No restraining order issued over Georgetown crude oil pump station


Highlights

A judge refused to issue a temporary restraining order preventing the City Council from a rezoning vote.

The lawsuit is still pending against the city of Georgetown over proposed crude oil pump station.

A judge refused to issue a temporary restraining order that would have prevented the Georgetown City Council from voting Tuesday night on a rezoning request for a crude oil pump station.

Georgetown resident Dr. Jeffrey Miller filed a lawsuit against the city Friday asking for a restraining order until his appeal to the Georgetown Zoning Board of Adjustment was resolved. The appeal says city Planning Director Sofia Nelson misinterpreted the definition of utility services allowed for business park zoning to include a crude oil pump station.

District Judge Ryan Larson refused to issue the temporary restraining order Tuesday morning.

Miller’s lawyer, Brett Miller, who is also his son, said the lawsuit against the city is still pending.

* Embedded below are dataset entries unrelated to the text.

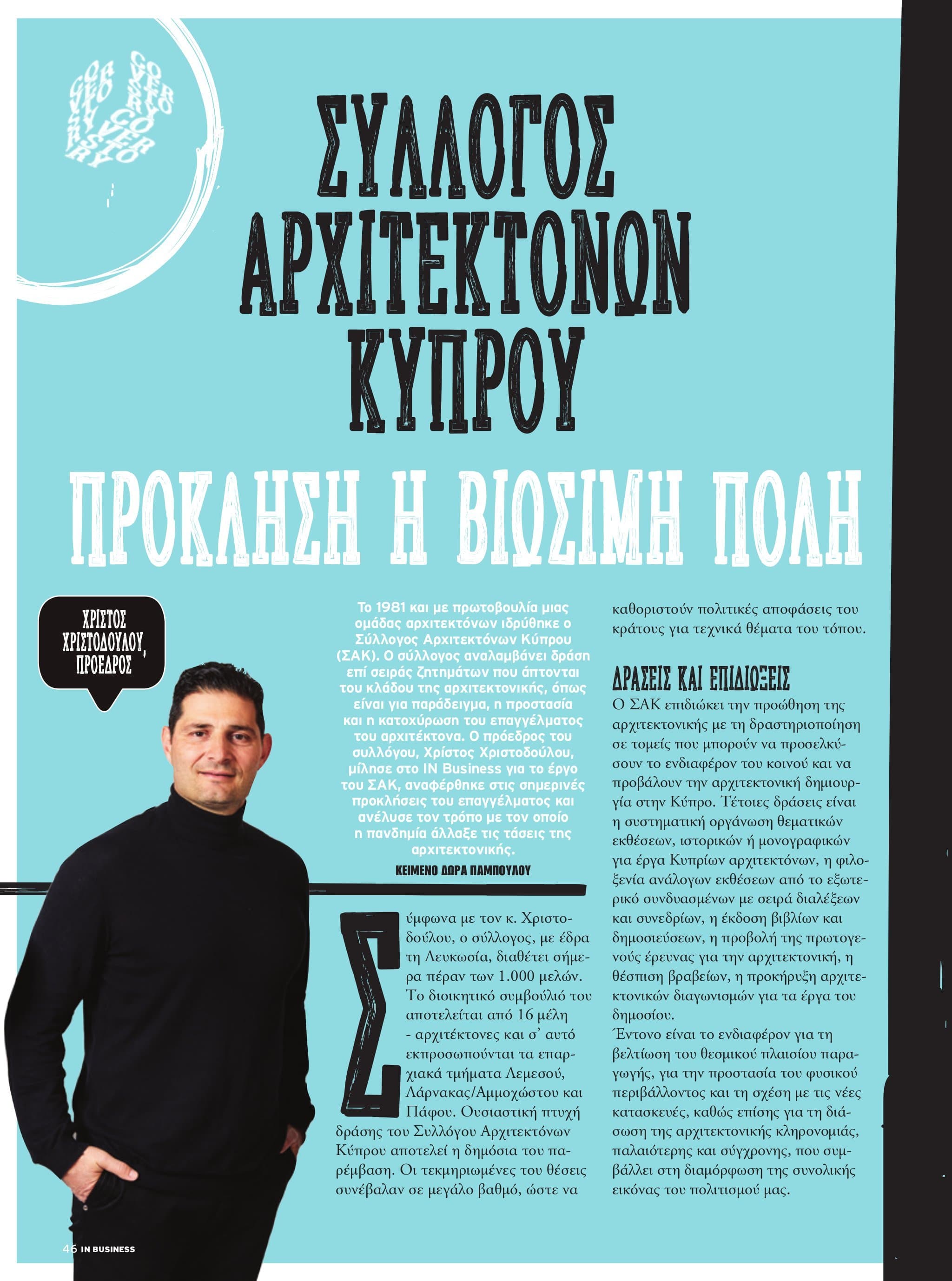 IN Business Magazine Issue 181 – The Architects Issue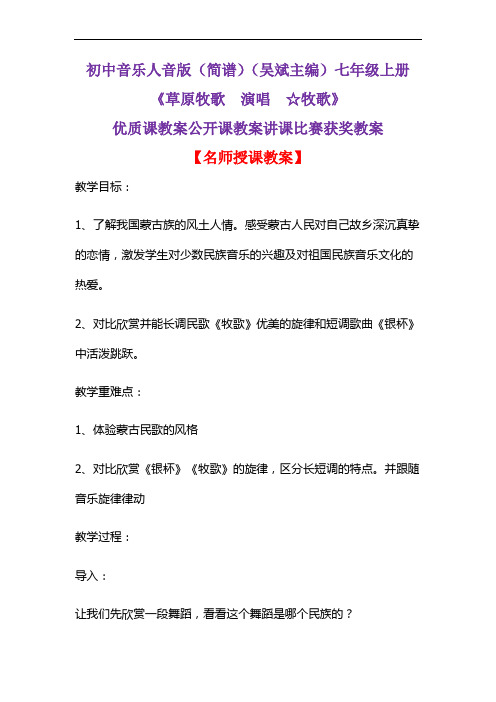 初中音乐人音版(简谱)(吴斌主编)七年级上册《草原牧歌  演唱  ☆牧歌》优质课公开课教案D005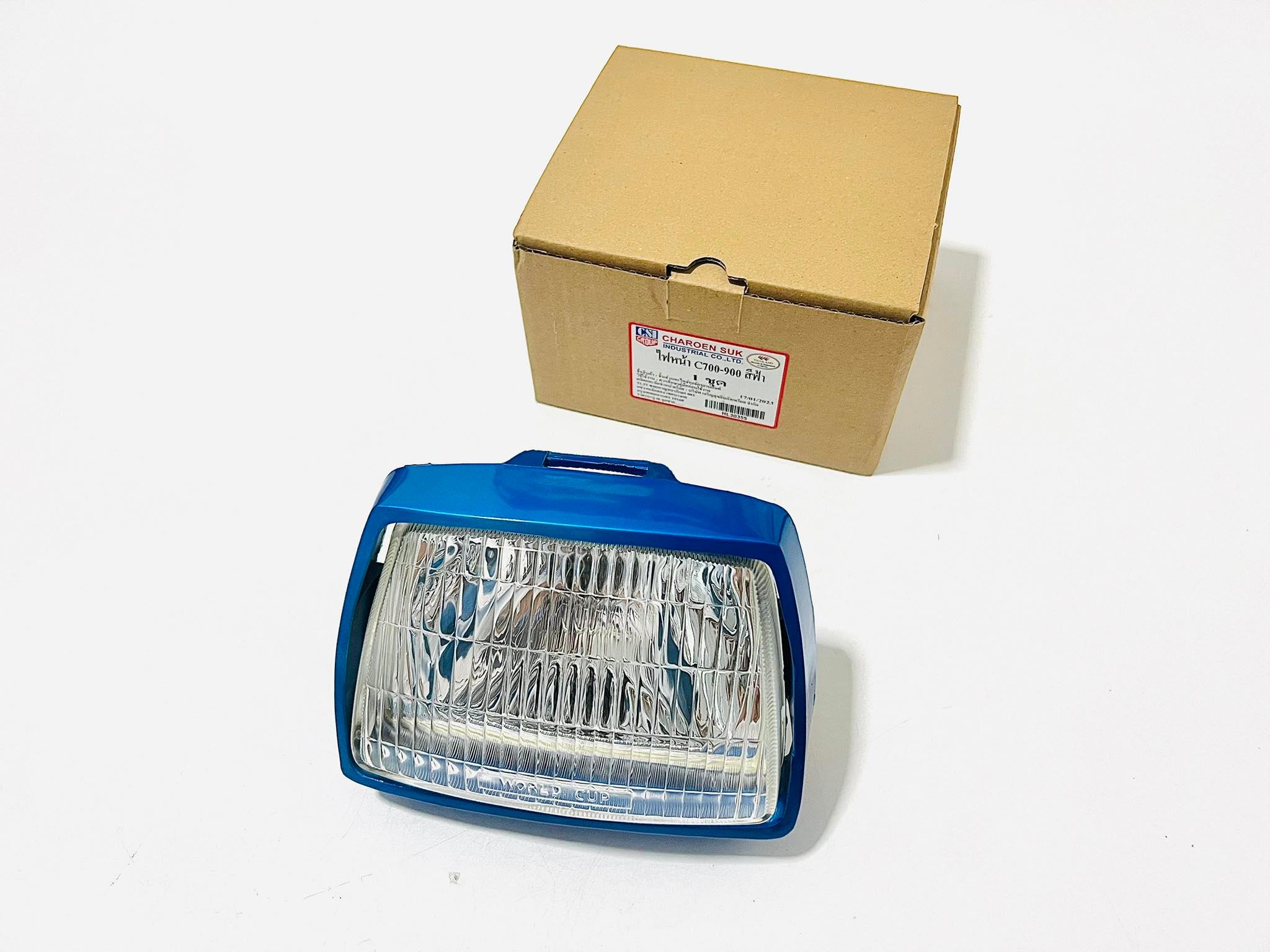 ไฟหน้า C700/C900 ไฟหน้ามอเตอร์ไซด์ซี700/ซี900 แจ้งสีในแชท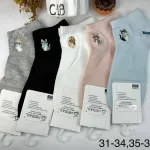 Skarpetki PESL Ring Cotton z kotkami rozmiar 31-38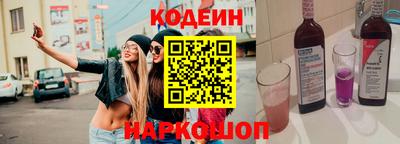 прущий лед Лесосибирск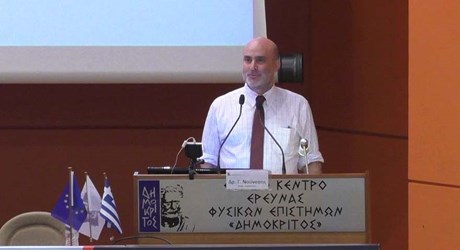 Γενική Παρουσίαση του ΕΚΕΦΕ "Δημόκριτος" - Θερινό Σχολείο 2018 Γενική Παρουσίαση του ΕΚΕΦΕ "Δημόκριτος" - Θερινό Σχολείο 2018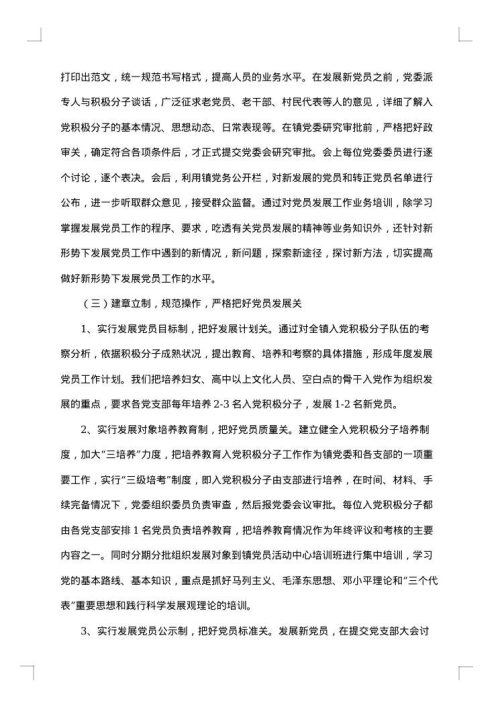 乡镇发展党员个人工作总结
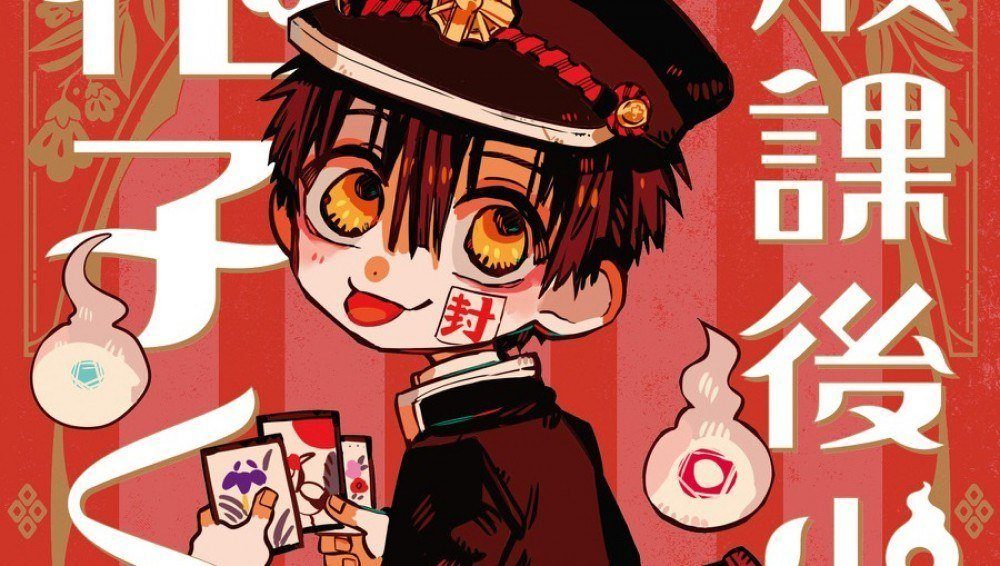 Baca Komik Manga Hanako-kun Sepulang Sekolah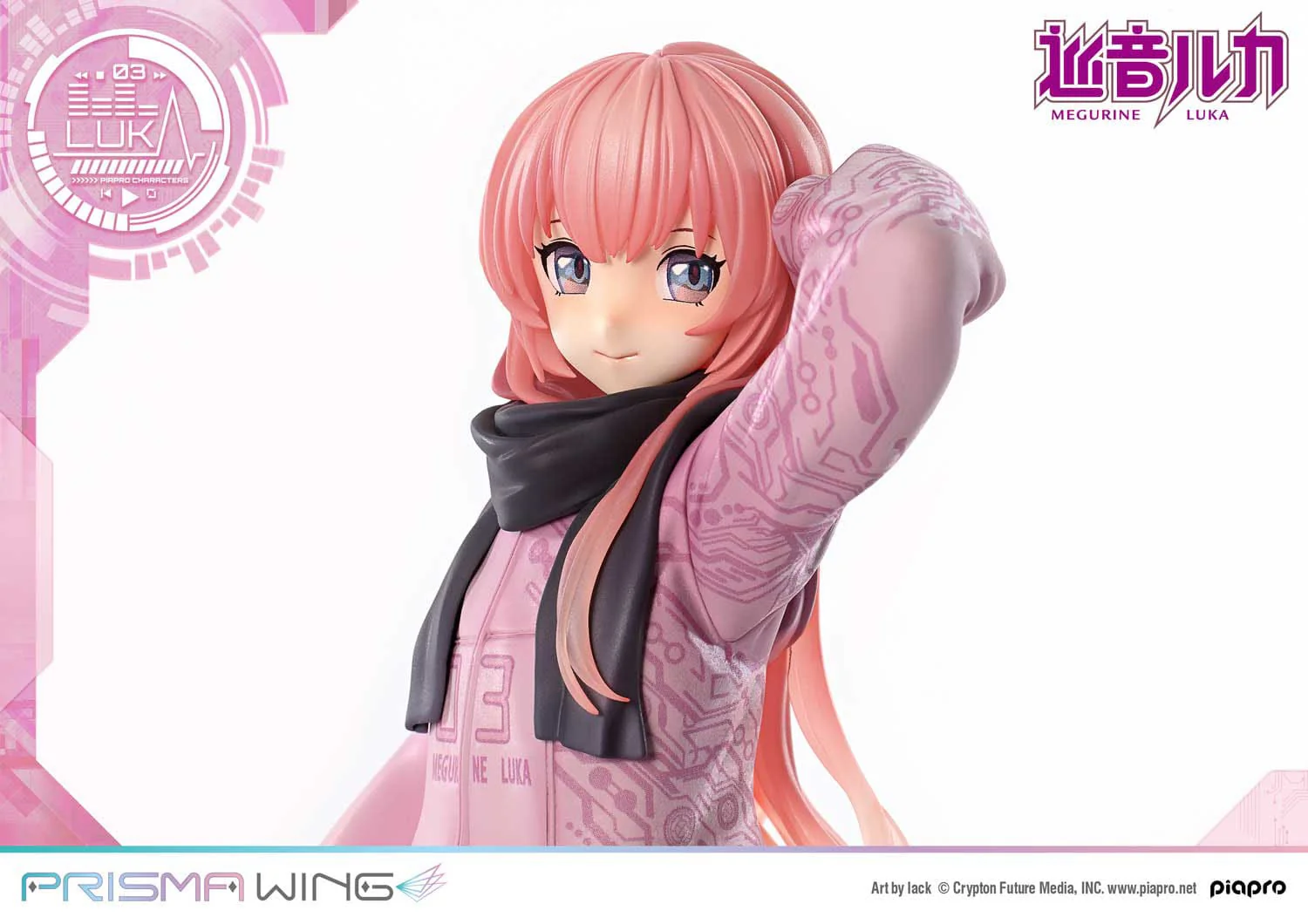 Megurine Luka (Art by lack) Prisma Wing Prime 1 Studios - Image 11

The lawsuit says the pump station severely limits Jeffrey Miller’s access to his 10-acre cattle ranch property, which Miller can only get to through land owned by the pipeline company.

The Georgetown City Council approved a request in its initial vote Dec. 13 to change the zoning of 10 acres owned by Enterprise Products on Rabbit Hill Road from agricultural to business park. The company wants to build the pump station for the yet-to-be-built Enterprise crude oil pipeline, proposed to run from Midland to Sealy.